The words between us

Into sharp slivers:

“I can not ever live without you,”

And thrust them one by one

in the other’s heart:

I

Can

Not

Live,

Ever,

Without you.

Live.

Not.

January 12, 2011

“no, no. don’t save. it’s a sin.” (coffee shop owner to a customer)

lovely: mount meron. my internal alarm. corny jokes on the bus. cats that are good at being cats. truly weird tiny cafe in a Tzfat alleyway with excellent coffee. brilliant green grass. my readers. a fellow perfectionist. how the fictional loved ones follow me everywhere. being the good kind of  surprised, for a change.

January 11, 2011

this time is not like the others.

lovely: seeing rain in Israel for the first time ever. outstanding people meeting me at the airport.  the tree i saw today in the Golan. coffee. smart questions. first cat sighting of trip. surprise view in Tel Dan through very tall willows to the valley below. the verb project. milk in a bag. finishing a journal and starting a new one here. our amazing tour guide. throwing proverbial darts and finding out that one stuck. sleep. the way things manage to be familiar and new at the same time.

January 8, 2011

“a presumption that once our eyes watered” (tom stoppard)
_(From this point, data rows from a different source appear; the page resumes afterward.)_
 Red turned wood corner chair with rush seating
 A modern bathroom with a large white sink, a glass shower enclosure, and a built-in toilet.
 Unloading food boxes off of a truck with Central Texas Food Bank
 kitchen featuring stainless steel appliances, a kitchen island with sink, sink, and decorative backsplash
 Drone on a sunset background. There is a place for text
the betty bakery, smith street, brooklyn

My sinuses are a bunch of jerks who see to it that I have a limited window of clarity each day, and I have yet to focus this attention in any remotely productive way. Everything feels insurmountable, even though I really just have a head cold, which makes me think about the fallibility of my body in the future, of course, because I’m not on such an even keel.
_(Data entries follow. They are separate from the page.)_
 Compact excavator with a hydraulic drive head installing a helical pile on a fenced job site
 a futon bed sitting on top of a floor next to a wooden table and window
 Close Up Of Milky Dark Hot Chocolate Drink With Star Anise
I’m leaving for Israel tomorrow, technically, since right now it’s midnight ish on Saturday. The other night, I said to S that going to Israel while feeling like you’re on the outs with Judaism is like trying to break up with someone while at the same time having sex with them and telling them you love them.

Like I said before, I seriously need this trip, in all its frenetic energy, to distract me, to shift my brain, to do something to jog things in a different direction. I keep thinking about the places in Israel that I miss all the time, the familiar and the scary and the dysfunctional and the strange and the mysteriously comforting, and again what it means to see them through the eyes of someone who is there for the first time. I wonder if it’s possible to think differently about all those places, to see them as just buildings, or just history, as opposed to something so existential, so much of a part of me. I think it’s often hard for me to process Israel in any sensible way, because it’s the first place I ever traveled to, the first time I decided I wanted something more than I was afraid of it.
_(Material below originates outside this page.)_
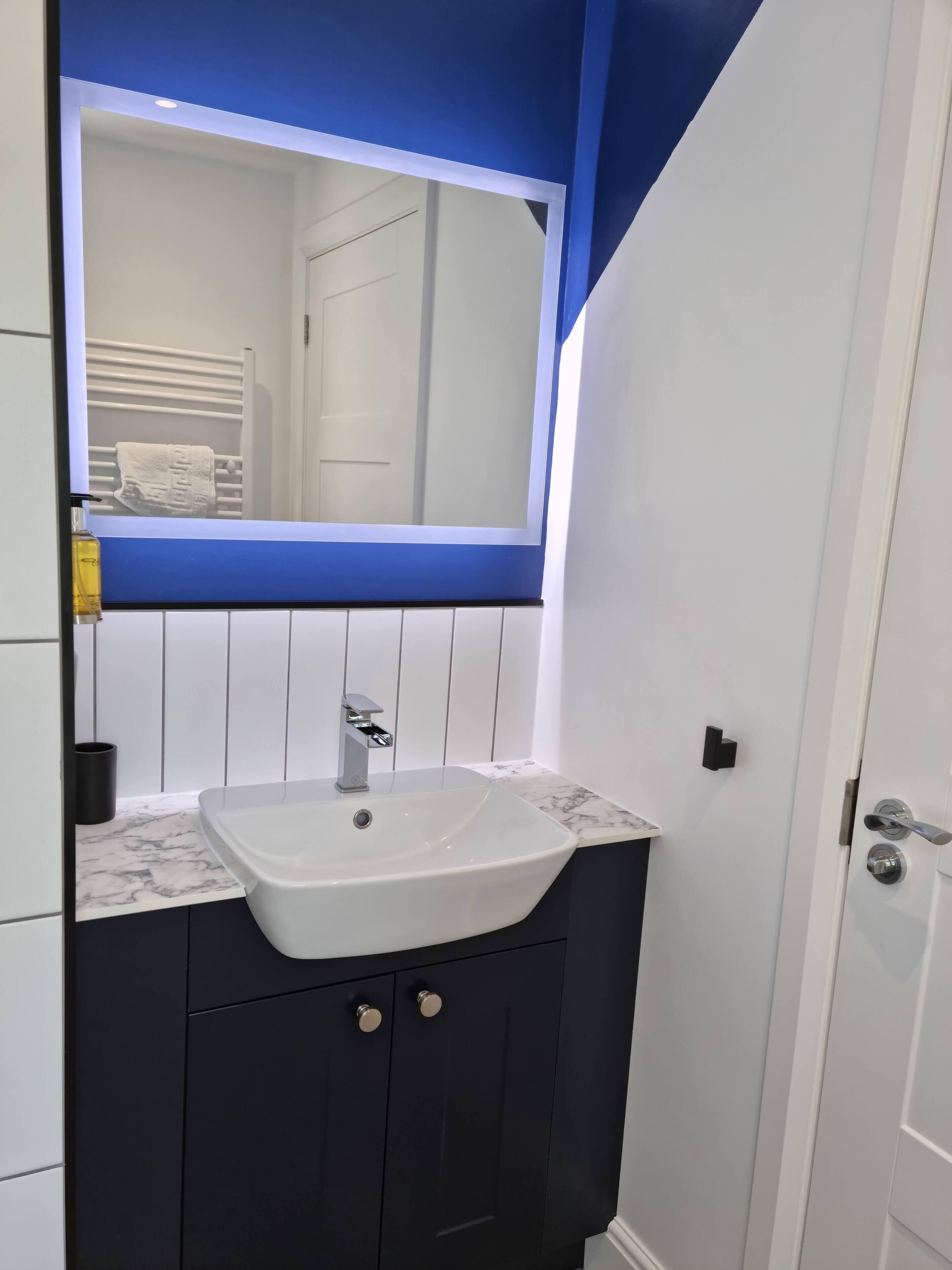 Un baño moderno con un lavamanos blanco, armarios oscuros y una pared azul de acento.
Again, I am renting out my brain, separating from the part of myself that just wants to keep creating , and about to spent ten days with the part that cares about other things. It’s so strange and lovely and disarming that they can all exist together in the same person.

(As usual, I have delusions of blogging  the trip, but I also really like sleep, which is a precious commodity during the adventure. The best I’ll probably be able to do is check my email.)